## INFORMATION PROVIDED

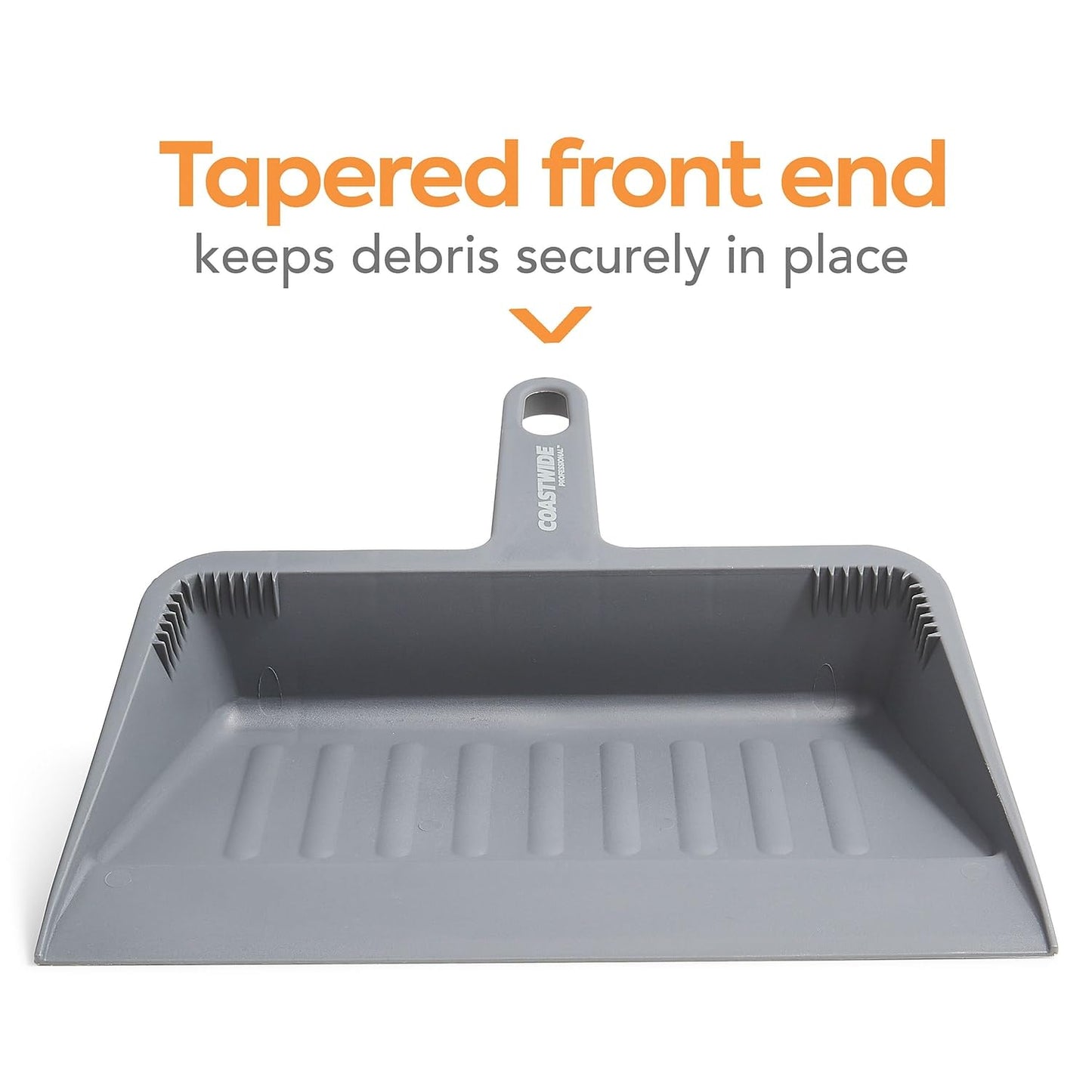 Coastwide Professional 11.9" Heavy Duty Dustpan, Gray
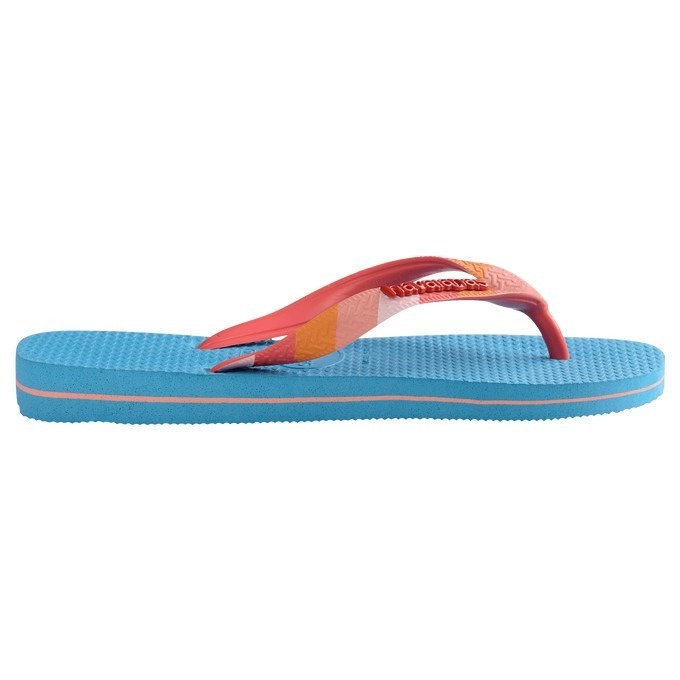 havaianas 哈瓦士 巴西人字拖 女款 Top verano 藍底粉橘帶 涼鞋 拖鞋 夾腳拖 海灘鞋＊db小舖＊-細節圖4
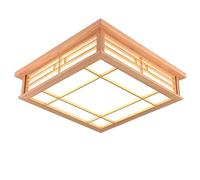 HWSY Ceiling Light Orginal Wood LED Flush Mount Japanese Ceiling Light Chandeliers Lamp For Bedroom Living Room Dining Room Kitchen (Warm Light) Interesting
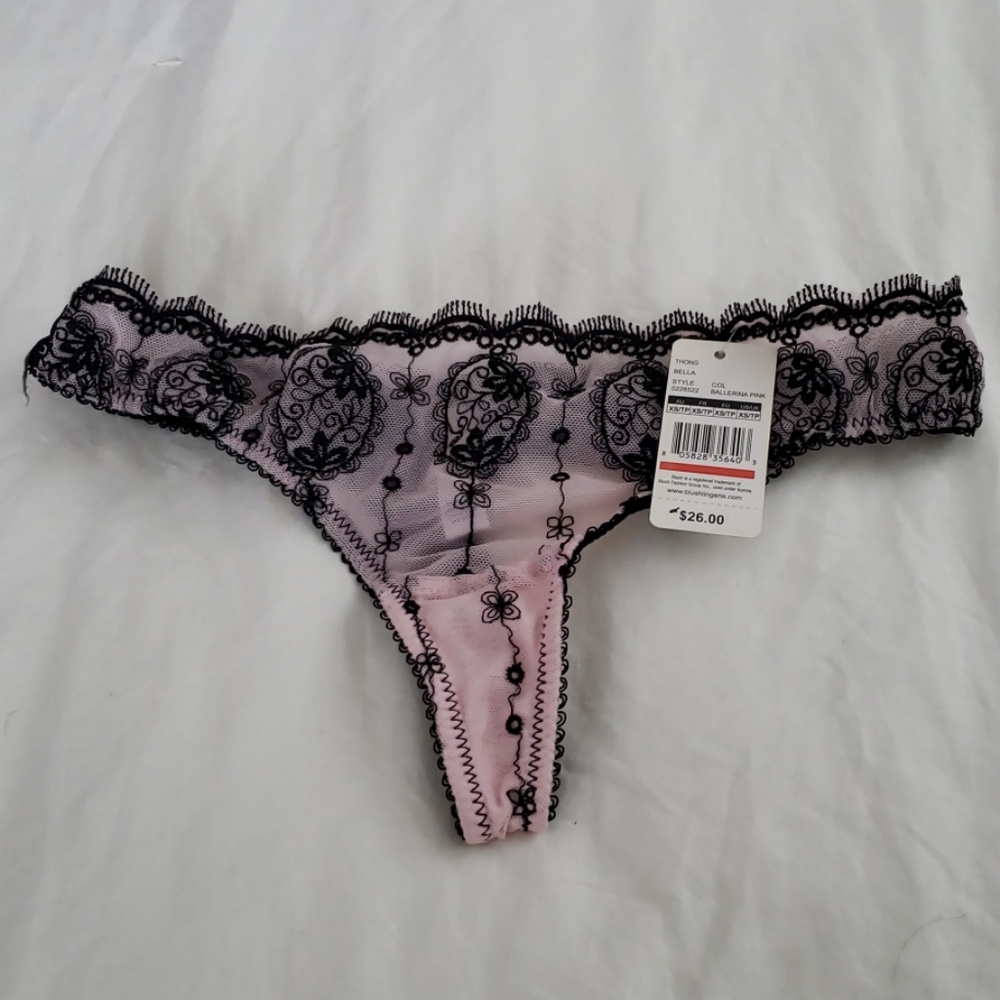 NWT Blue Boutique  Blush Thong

...

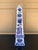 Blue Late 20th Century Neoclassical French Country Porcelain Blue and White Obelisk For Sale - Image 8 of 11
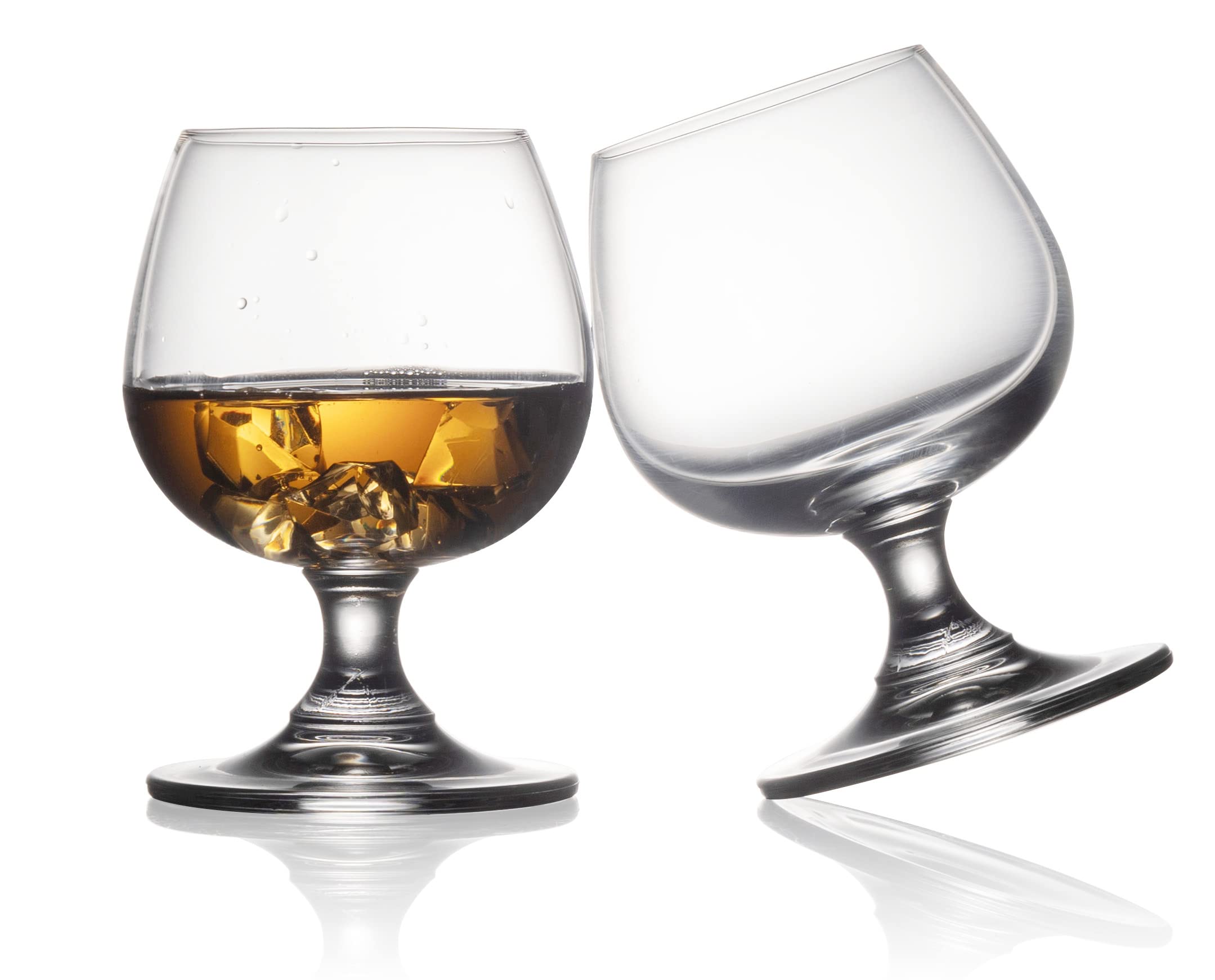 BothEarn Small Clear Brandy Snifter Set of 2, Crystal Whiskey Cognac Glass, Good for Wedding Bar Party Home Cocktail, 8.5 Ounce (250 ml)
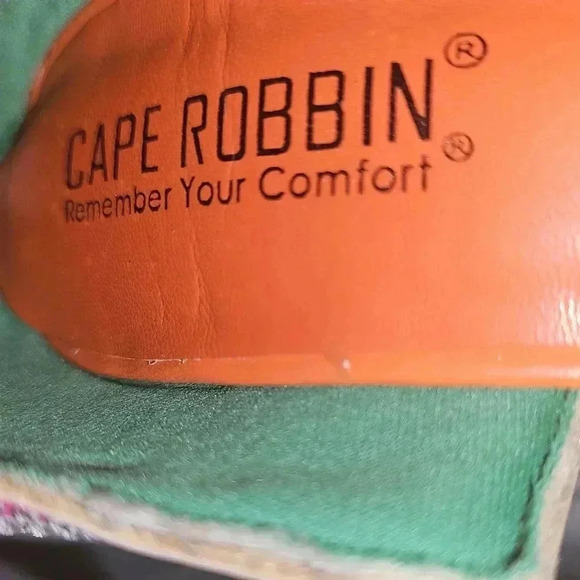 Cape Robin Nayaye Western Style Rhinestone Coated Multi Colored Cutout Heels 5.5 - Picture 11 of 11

---

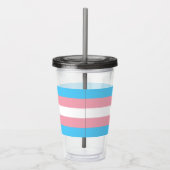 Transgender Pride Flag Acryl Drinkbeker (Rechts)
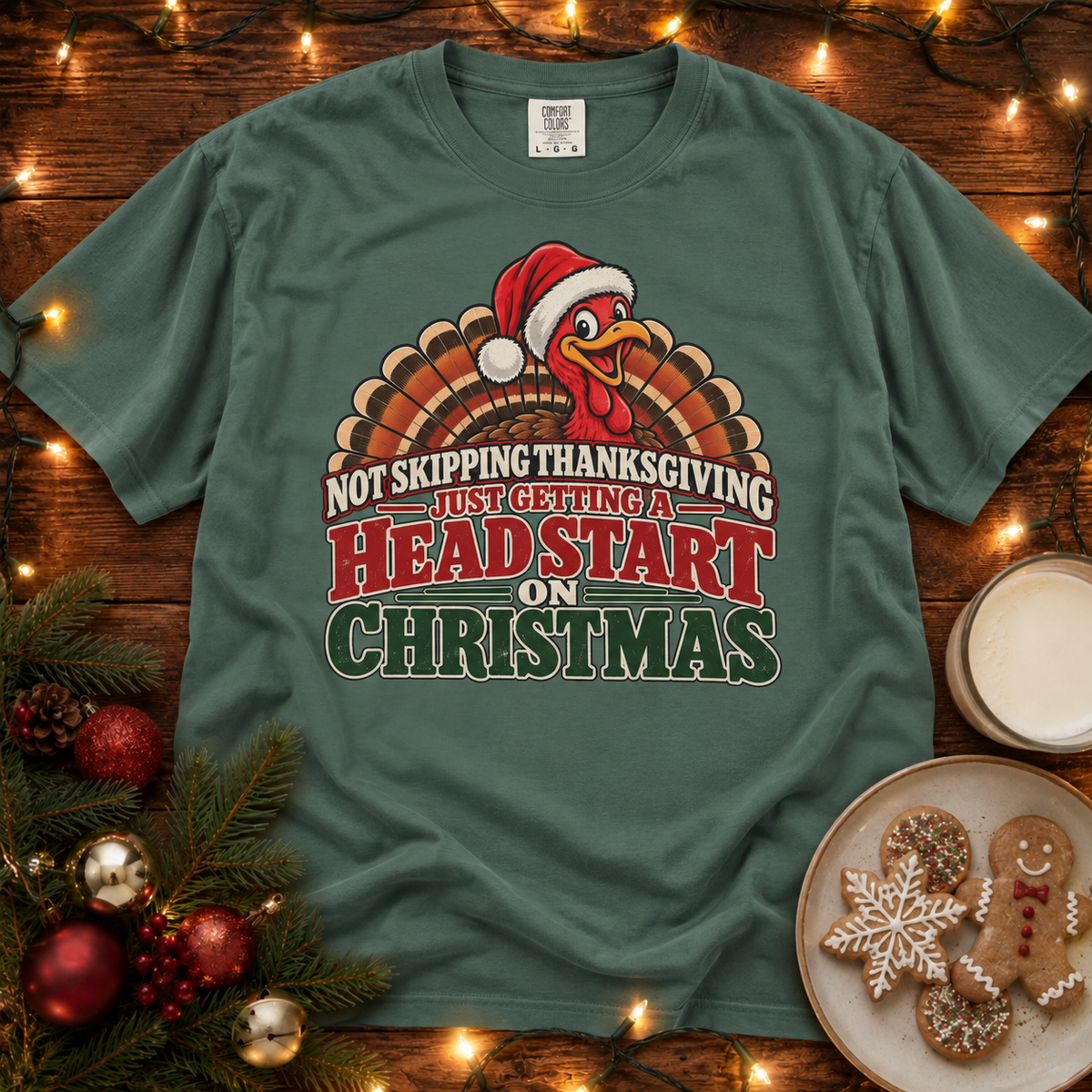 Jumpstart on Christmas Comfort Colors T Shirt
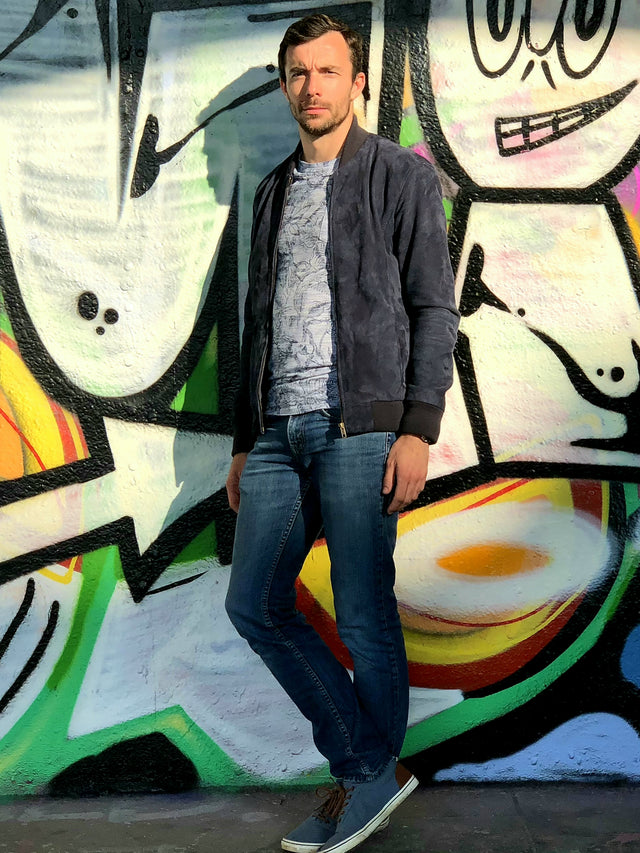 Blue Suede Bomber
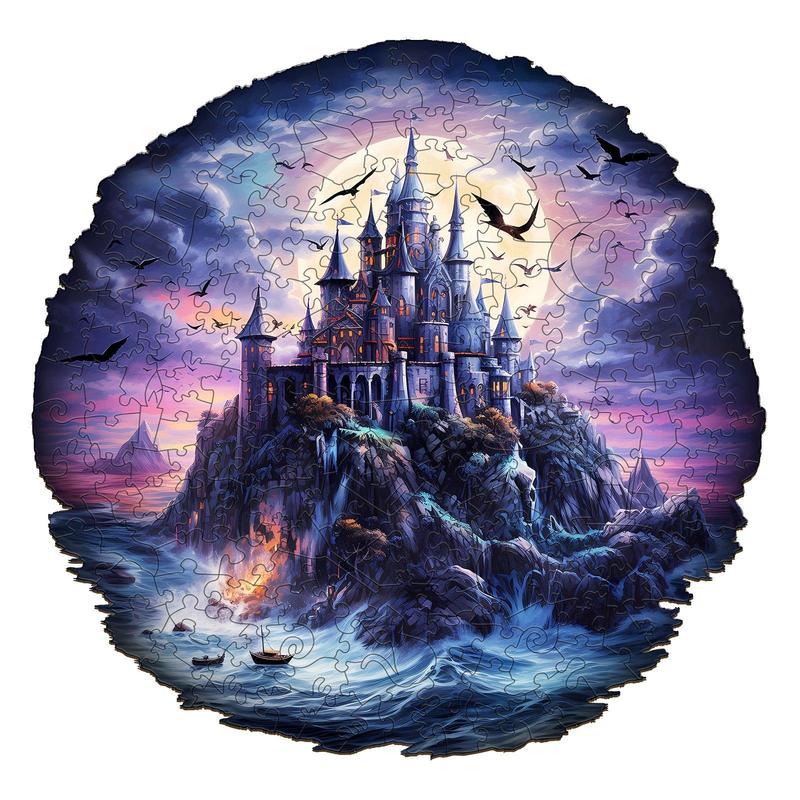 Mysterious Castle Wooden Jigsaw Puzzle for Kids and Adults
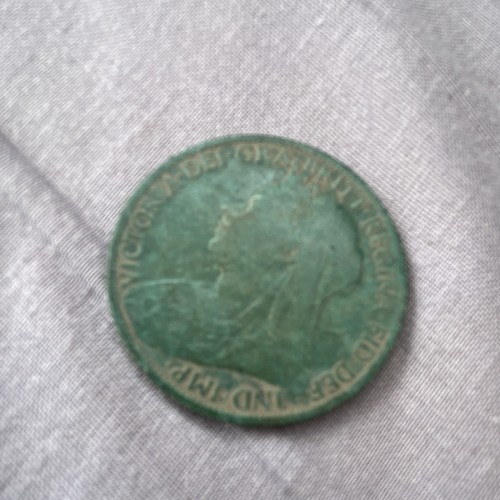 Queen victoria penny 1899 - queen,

## WHAT IS NEEDED
What is needed is an exact copy of the lines above, from the one holding "Blue Late 20th" down to the one holding "Cape Robin Nayaye", with those two included and the pictures left out.

## SOLUTION
 Blue Late 20th Century Neoclassical French Country Porcelain Blue and White Obelisk For Sale - Image 8 of 11
 BothEarn Small Clear Brandy Snifter Set of 2, Crystal Whiskey Cognac Glass, Good for Wedding Bar Party Home Cocktail, 8.5 Ounce (250 ml)
 Cape Robin Nayaye Western Style Rhinestone Coated Multi Colored Cutout Heels 5.5 - Picture 11 of 11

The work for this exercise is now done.